Terperosok Investasi Bodong
Sesampainya di Sukabumi, kantor QSAR dalam keadaan kacau. Para investor yang datang memperebutkan aset yang ada. Mereka mengangkut komputer, meja, kursi, hingga lemari. Kisah investasi bodong yang terus berulang.
Belakangan ini, saya sering menulis tentang investasi sekaligus mendorong teman-teman untuk berinvestasi. Investasi ketika kita masih produktif sangatlah berguna. Saya sudah merasakan manfaat investasi sehingga ingin juga membagikan pengalaman kepada orang lain.

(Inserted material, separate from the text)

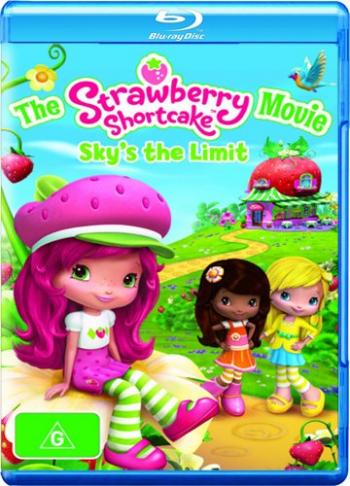  :   / Strawberry Shortcake The Movie - Sky's the Limit DUB+DVO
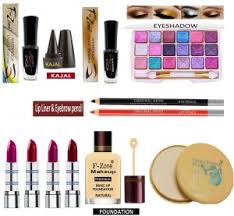 bridal makeup kit a28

Apakah pengalaman investasi saya mulus? Tentu tidak. Ada investasi yang salah, bahkan ada investasi yang merugikan. Salah satu pengalaman investasi saya adalah terjebak investasi bodong. Kok, bisa?
Salah satu ”mantra” investasi bodong yang melenakan adalah janji imbal hasil tinggi dengan risiko yang rendah.
Bisa saja, ketika rasa serakah muncul ditambah pengalaman minim soal investasi, seseorang akan dengan mudah terjerumus dalam investasi bodong.
Salah satu ”mantra” investasi bodong yang melenakan adalah janji imbal hasil tinggi dengan risiko yang rendah. Setelah banyak belajar, baru saya benar-benar menyadari kebodohan saya yang pernah percaya pada ”mantra” itu.
Sekitar pertengahan tahun 2001, seorang teman bercerita, dia sedang berinvestasi pada sebuah lahan pertanian. Skemanya bagi hasil. Pengelolanya, PT Qurnia Subur Alam Raya (QSAR), menanam berbagai komoditas pertanian, seperti cabai, bawang, terong, dan jamur, hingga penggemukan sapi potong.
Setiap komoditas memberikan imbal hasil yang berbeda. Ketika itu, tergolong sangat tinggi dibandingkan dengan tingkat suku bunga deposito.
Menurut teman saya itu, semua investor akan memiliki sebidang lahan yang dikelola PT QSAR sesuai pilihan komoditas. Setiap petak tanah diberi nama pemiliknya. Lahan di Sukabumi menjadi lokasi bercocok tanam dengan iming-iming imbal hasil yang menggiurkan. Kisarannya 15-20 persen per bulan.
QSAR juga menjanjikan, kalaupun terjadi gagal panen, investor tidak akan merugi karena pokok investasi tetap aman. Modal investasi baru akan hilang jika lahan terkena bencana alam yang terjadi di luar kekuasaan manajemen.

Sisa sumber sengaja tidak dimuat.